HOLISM = SYNCRETISM?
© 2003 by Orchid Land Publications
[last updated 20030930]
Syncretism means mixing things--forms of religion, in the following--which responds to a letter whose key satement is excerpted at the beginning. The writer proposes to combine Orthodox ontological soteriology with Lutheran Anselmian-juridical soteriology in the name of holism.
>I cannot find . . . one who . . . is willing . . . to recognize [Lutheranism's] biblical basis and take pains to >describe salvation "holistically," rather than taking pains in the opposite direction . . .
Dear in Christ NAME:
To get the whole picture, you should note that the Reformers followed Scotus and Ockham (and Augustine; Luther was an Augustinian hermit) in holding that will is superior to reason, whereas Rome (despite 200 years of lawyer popes) continued to hold the intentional view of will--that reason is superior to will. If will dominates reason, then reason does not dominate will--and will not dominated by reason is anything from idolatry to superstition and more.
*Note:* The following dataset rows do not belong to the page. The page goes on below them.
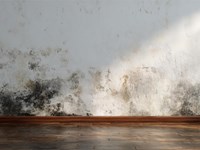 ¿Qué puede provocar no tratar una fuga a tiempo?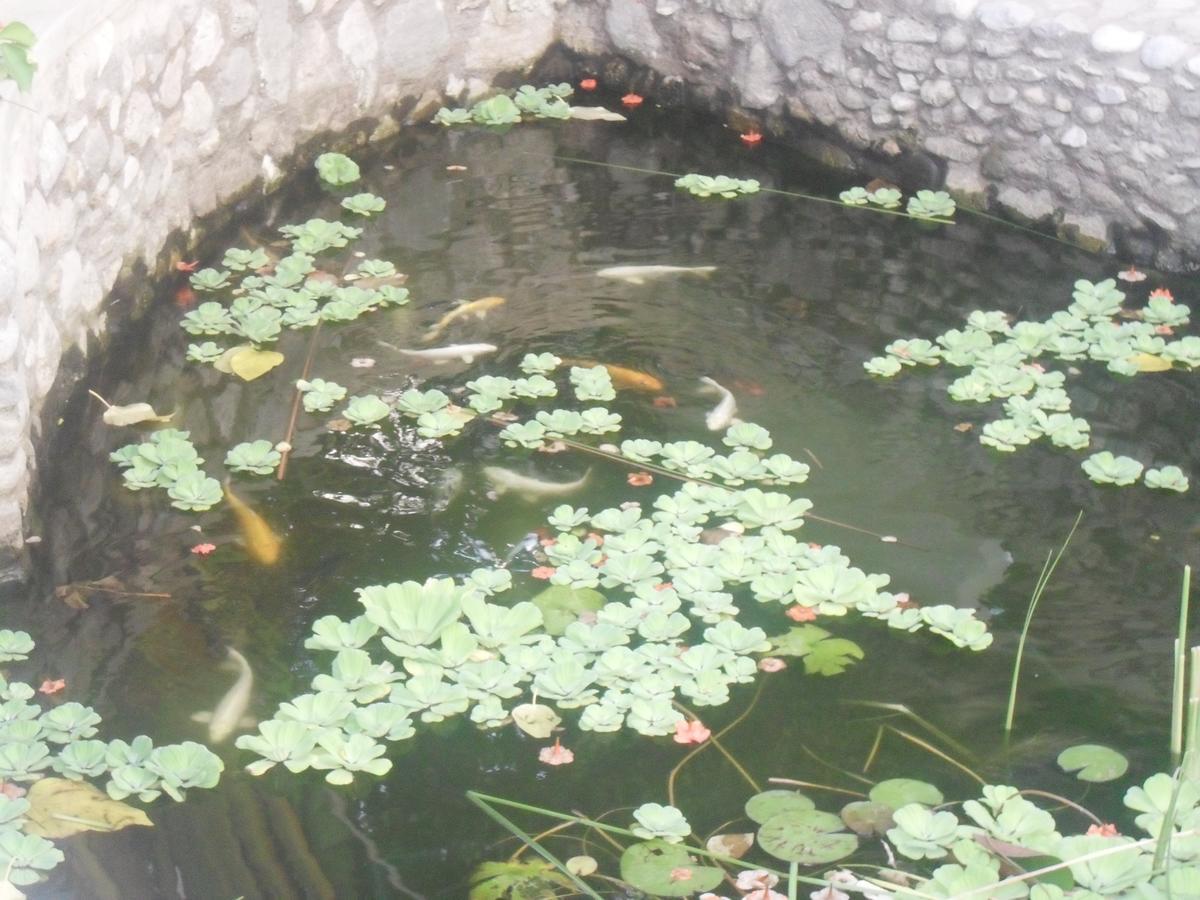 Garden Roomz Oman Маскат Екстериор снимка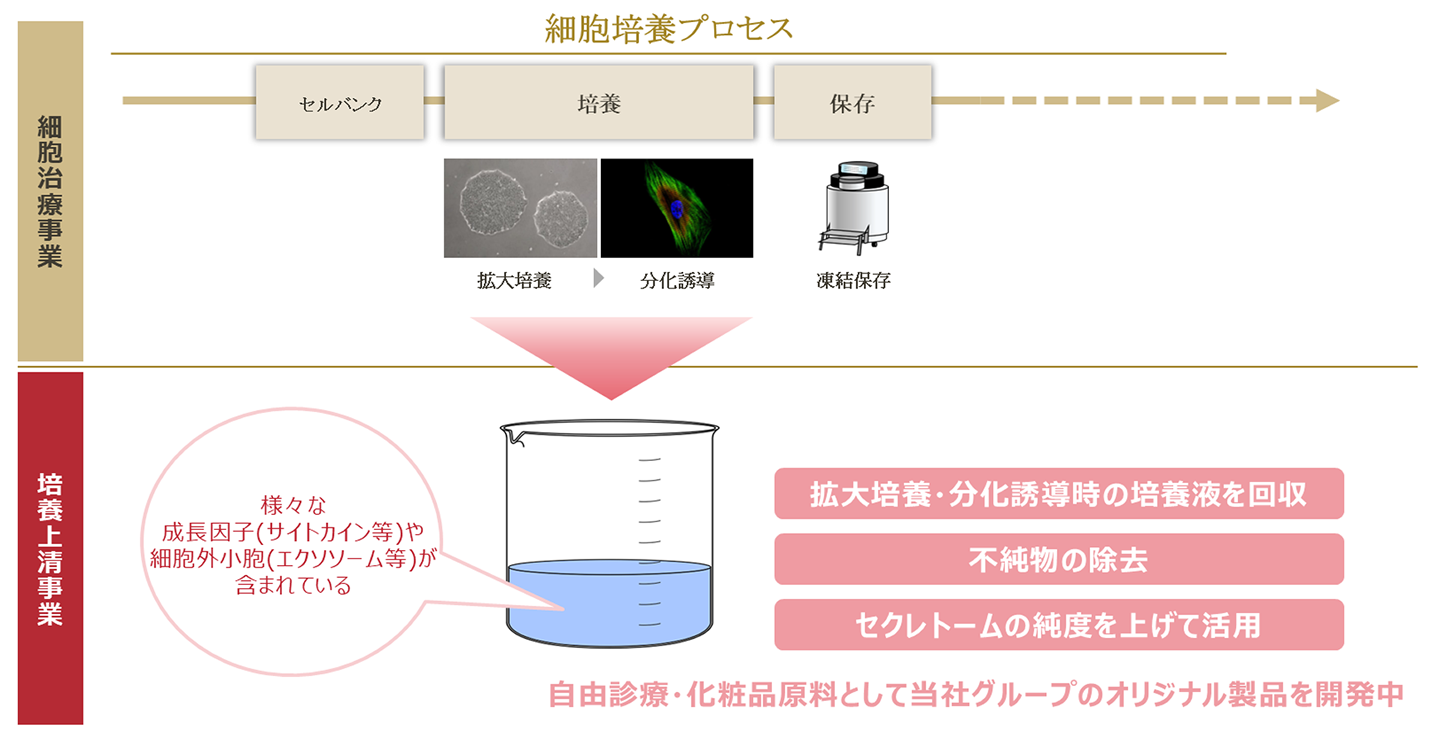 細胞培養プロセスイメージ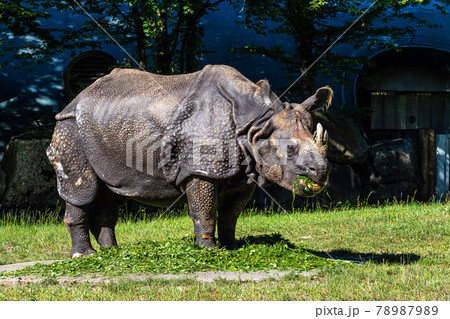 The Indian Rhinoceros, Rhinoceros unicornis aka Greater One-horned Rhinoceros The Indian Rhinoceros, Rhinoceros unicornis aka Greater One-horned Rhinoceros 78987989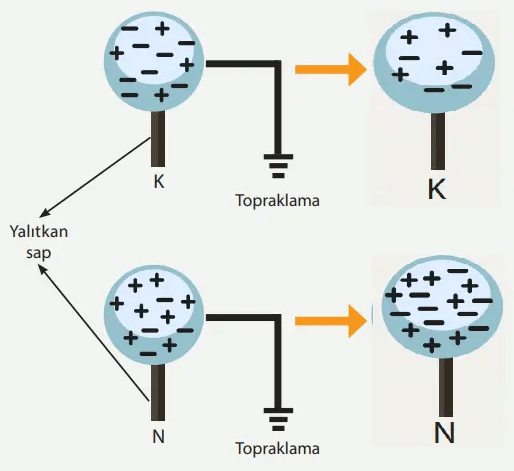 8. Sınıf Fen Bilimleri Ders Kitabı Sayfa 257 Cevapları MEB Yayınları
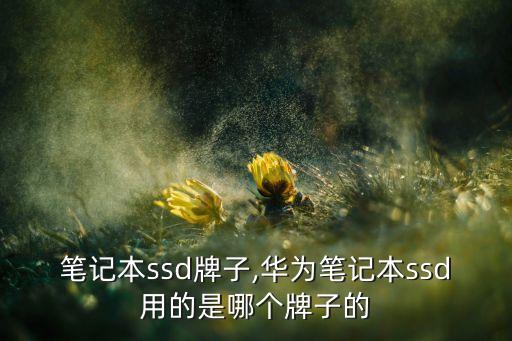 笔记本ssd牌子,华为笔记本ssd用的是哪个牌子的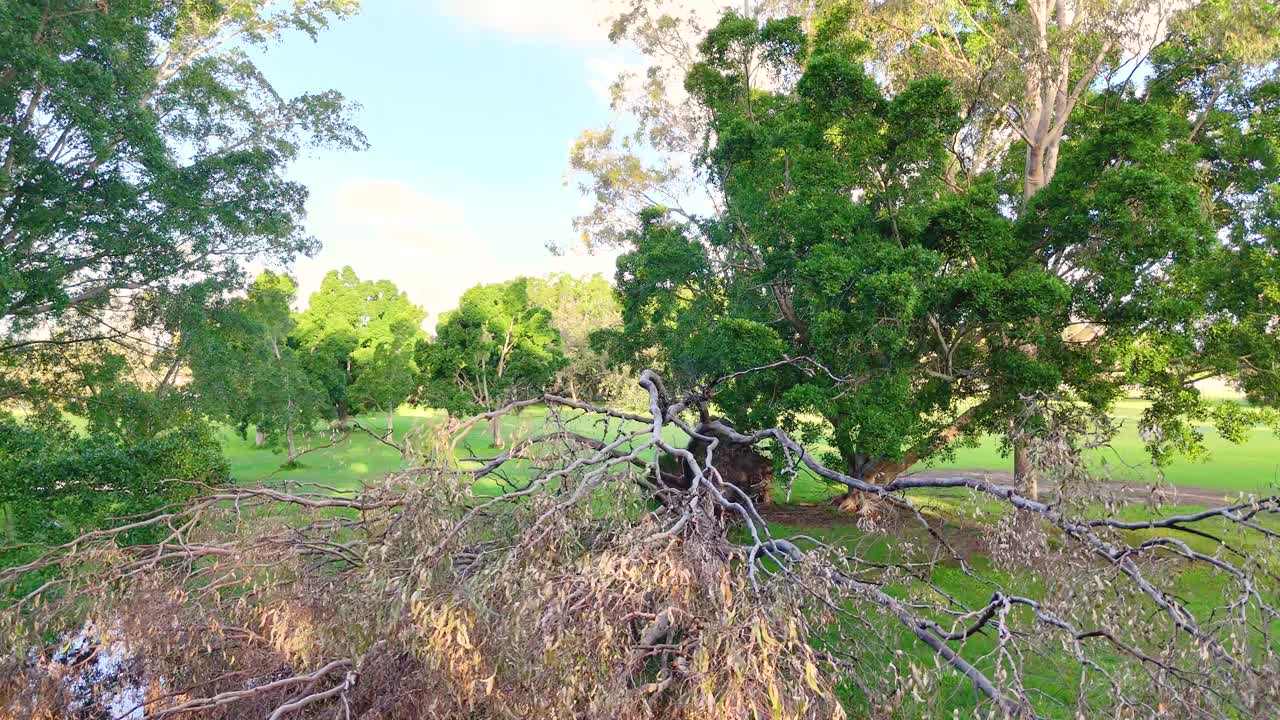 A sequence of tree branches in a park, transitioning from dry to lush greenery under bright sunlight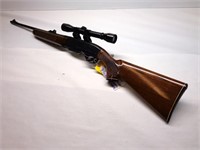 Remington 742 Wingmaster, 243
I am not advocating two-valued logic, but till you show how it is possible for will to dominate reason and also be dominated by reason (and not alternatively), you are simply frustrating yourself when trying to communicate with others.
A Reformer was at home in the narrative of eating of the fruit of the forbidden tree and the story of Uzzah. They did nothing "immoral" in a morality based on what is natural (which SINCE the Fall is often the oppposite of what is normal). A command is a command is a command . . .
St. Paul replaced this juridicalism (perhaps he foresaw Augustine and Anselm) and the idea of Salvation by human works with something else--the Resurrection. St. Paul's Romans 4:25 states the relation of the Crucifixion to the Resurrection quite clearly, just as St Paul's Philp. 2:12-13 in Greek (not in your Bible) states the non-conflicting relation between Grace (Energy) and works clearly. But there was no way for the Reformers to grasp what St. Paul was saying become of their will-based ("spiritual-ontology") paradigm. Because of the Western paradigms, the West cannot read St. Paul in the paradigm of the Apostolic Age. Grace and works conflict.
Now Aulen says that Luther at times tended to accept the ontological soteriology of the Fathers. If he couldn't square this with his Anselmian juridical view, you can? Why not give it a shot?
If you can, fine--but there is no point in just asserting it over and over as though repetition might make it doable. You never (to my knowledge) show how to mix oil and water and don't even seem to understand what the cognitive problem is. If Salvation is juridical, then the Resurrection is superfluous to it, as various Western writers have admitted. Until you show how a will-over-reason form of the content of Christianity can be married to ontology--which seems downright contradictory to me when they allow what is moral to be have no relation to what does despite to a nature (ontology)--you are just waving hands at the problem.
Luther's two modernisms led him to emphasize "word" and a devotio moderna spirituality that "spiritualized" the sacraments, allowing their material side to fall into a degree of non-necessity. Perhaps in your "word" outlook, just saying X makes X possible or true; you won't convince a lot of us, though. As for Luther's two modernisms, I quoted as an example of the way Luther married them in his passage from the famous Babyl. Captivity in which he says he can have the mass simply by willing it: plus-will, minus-ontolgy. How do you square that with the ontological natuare of sacraments? As far as I an see, you don't even try to square the contradiction. Why can't you just SHOW ME AND OTHERS HOW YOUR PROPOSAL CAN BE--HOW IT IS FEASIBLE? Why do you disdain this simple job?
Show us, for example, how the Resurrection rather than the Crucifixion is the culmination of Salvation, not just a proof of Jesus's divine power. Show us how Baptism or Absolution (which Luther at one time regarded as a "sacrament"--a juridical term originally, just as is the Calvinists' "ordinance") are soterial. Show how Grace can be ontological and also only will-based. It's a simple request necessary to see if what you advocate makes sense. Till then it will be unintelligible (gobbledygook) to me. I'm even showing you how to come across with content: Just show how will-over-reason ethics and intentional ethics (with reason over will) are compatible; just show how will and ontology (pick the sacraments or whatever) can be married in a Lutheran approach. Not a big request, one that put intelligible content in your advocacy. Of course if you think apples and oranges can be mixed, as in syncretism generally, and if contradictions don't bather you, then our discussions are without point.
I suggest that some homework is needed for statements by you and those of your position to have intelligible content. Once you've shown us how to resolve the foregoing contradictions, then we will have material for an objective cross-paradigm discussion.